# Best Hubby EVER....



## Carol Boche (May 13, 2007)

Sorry guys....can't contain this very well due to the excitement.....

For my 40th this year in April, hubby has gave the okay for me to attend 
Randy Hares trainers course for three weeks in April......

I cannot wait. It will be great to work with him and learn from someone as great as he is.


----------



## Jaimie Van Orden (Dec 3, 2008)

Congrats! Take notes, and have fun!!


----------



## Konnie Hein (Jun 14, 2006)

Agggh...stop rubbing it in already!!! :lol:


----------



## Jerry Lyda (Apr 4, 2006)

Konnie, if she is going there you can come on down to Georgia.

Glad you're going and do have fun.


----------



## Carol Boche (May 13, 2007)

Jerry Lyda said:


> Konnie, if she is going there you can come on down to Georgia.


HEY....NO FAIR NO FAIR NO FAIR NO FAIR....:lol: :lol: :lol: :lol: 

I WILL make to Georgia one of these days.....want to see the
"Boston Bark and Hold" in person.....LOL


----------



## Jerry Lyda (Apr 4, 2006)

Come on down, love to have you.


----------



## Michael Santana (Dec 31, 2007)

Carol Boche said:


> HEY....NO FAIR NO FAIR NO FAIR NO FAIR....:lol: :lol: :lol: :lol:
> 
> I WILL make to Georgia one of these days.....want to see the
> "Boston Bark and Hold" in person.....LOL


 
I would recommend long pants and closed shoes... Just in case of a cheap shot :lol:


----------



## Gerry Grimwood (Apr 2, 2007)

Carol Boche said:


> For my 40th this year in April, hubby has gave the okay for me to attend
> Randy Hares trainers course for three weeks in April.......
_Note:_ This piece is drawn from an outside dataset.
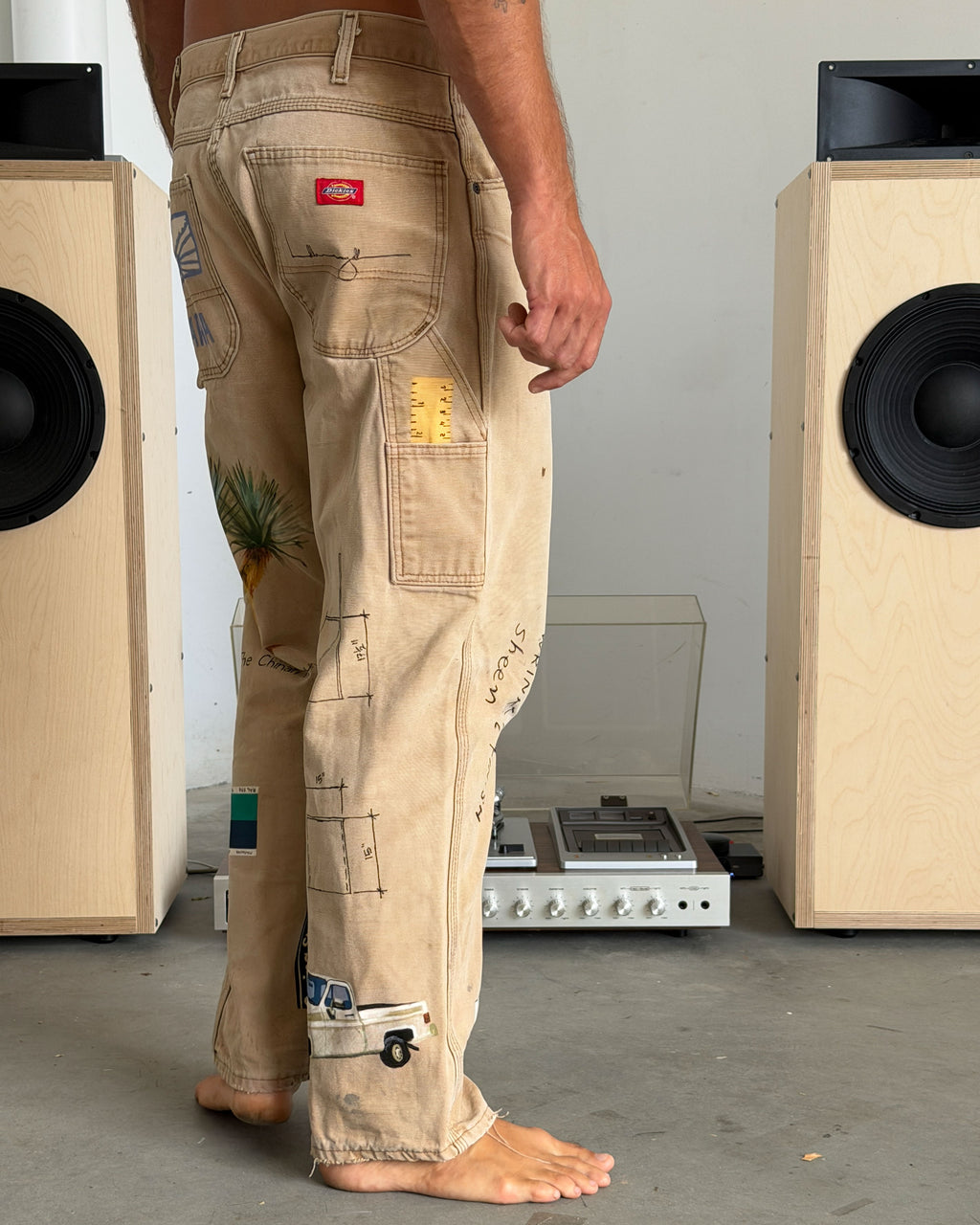 Work Pants, Judd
Now this is a classic, did you see how Carol let her Hubby believe he was making the desicion ?? Now that's a trainer


----------



## Michael Santana (Dec 31, 2007)

aaaaand the lure lol


----------



## Carol Boche (May 13, 2007)

Carol Boche said:


> Sorry guys....can't contain this very well due to the excitement.....
> 
> For my 40th this year in April, hubby has gave the okay for me to attend
> Randy Hares trainers course for three weeks in April......
> ...





Gerry Grimwood said:


> Now this is a classic, did you see how Carol let her Hubby believe he was making the desicion ?? Now that's a trainer


:lol: :lol: :lol: 

Positive reinforcement......

O O


----------



## Sarah Atlas (Dec 15, 2008)

Hay,

REALLY jealous here!!!!

Think your hubby would like to adopt me and send me to the seminar Carole?


----------



## Carol Boche (May 13, 2007)

Sarah Atlas said:


> Hay,
> 
> REALLY jealous here!!!!
> 
> Think your hubby would like to adopt me and send me to the seminar Carole?


I can try Sarah, I'll put a plug in for Konnie too and we can all go.....that would be great!!! I miss you!!!  
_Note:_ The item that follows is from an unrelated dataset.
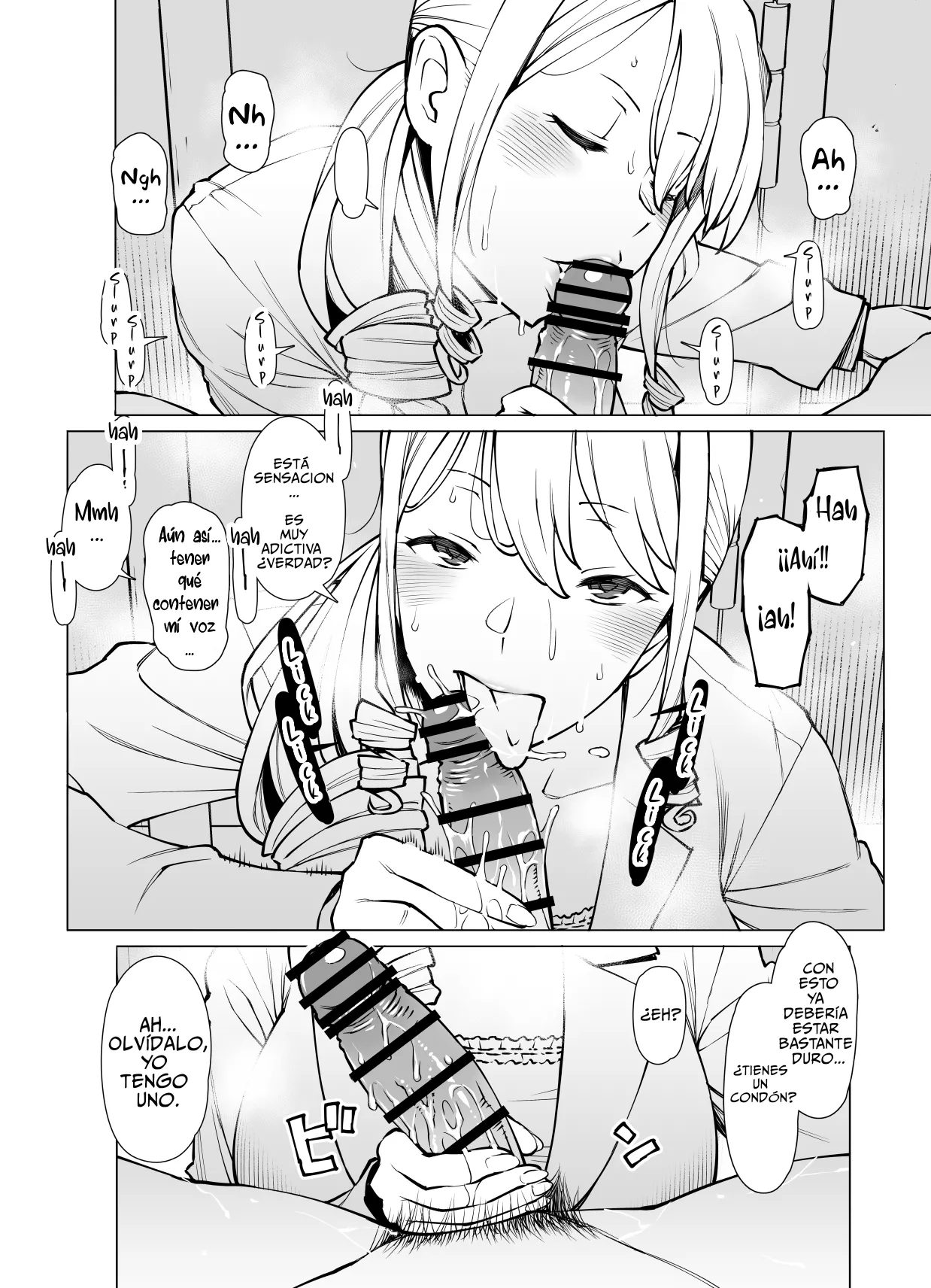 Yamazaki Makie , Teaching How to Use a Condom page 4 full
I am really looking forward to attending. I have a feeling my head will feel like it is going to pop with all the stuff I will learn.


----------



## Konnie Hein (Jun 14, 2006)

I could go, but I just need somebody to take care of the kid, dogs and horses while I'm gone. Anybody want to step into my life for 3 weeks??? I'll take the highest bidder.... :wink: 

p.s. my husband is a fabulous cook!


----------



## Nancy Jocoy (Apr 19, 2006)

Oh MAN! 

Well, at least I get one week of advanced Rebmann/Koenig cadaver seminar next month assuming my father's demise is not in the same timeframe.
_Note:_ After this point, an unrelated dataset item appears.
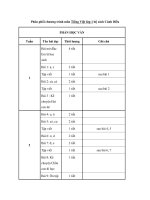 Tải Phân phối chương trình môn Tiếng Việt lớp 1 bộ sách Cánh Diều - Nội dung chương trình học Tiếng Việt lớp 1 năm 2020 - 2021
After we are done caring for again parents, I am going to have a seminar-fest as a gift to myself.

Have a great time. I am jealous.


----------



## Carol Boche (May 13, 2007)

Nancy Jocoy said:


> Well, at least I get one week of advanced Rebmann/Koenig cadaver seminar


This is one of my goals as well. I am jealous that you are doing this one.....

My thoughts, prayers and support (from afar) goes out to you Nancy, I am just entering the first stages of "take care of my parents" and it is going to be tough. My dad, not so much, my mom is going to be the hard one I think.


----------



## Loring Cox (Sep 6, 2008)

I volunteer to be your first student.


----------



## Carol Boche (May 13, 2007)

Loring Cox said:


> I volunteer to be your first student.


Victim #1....YES (ooops, did I say that out loud?!!!!:lol: :lol: :lol: :lol: 
(just kidding)

That would be great. I have a feeling that Randy does not know what he is in for being only 6 hrs away from me. LOL


----------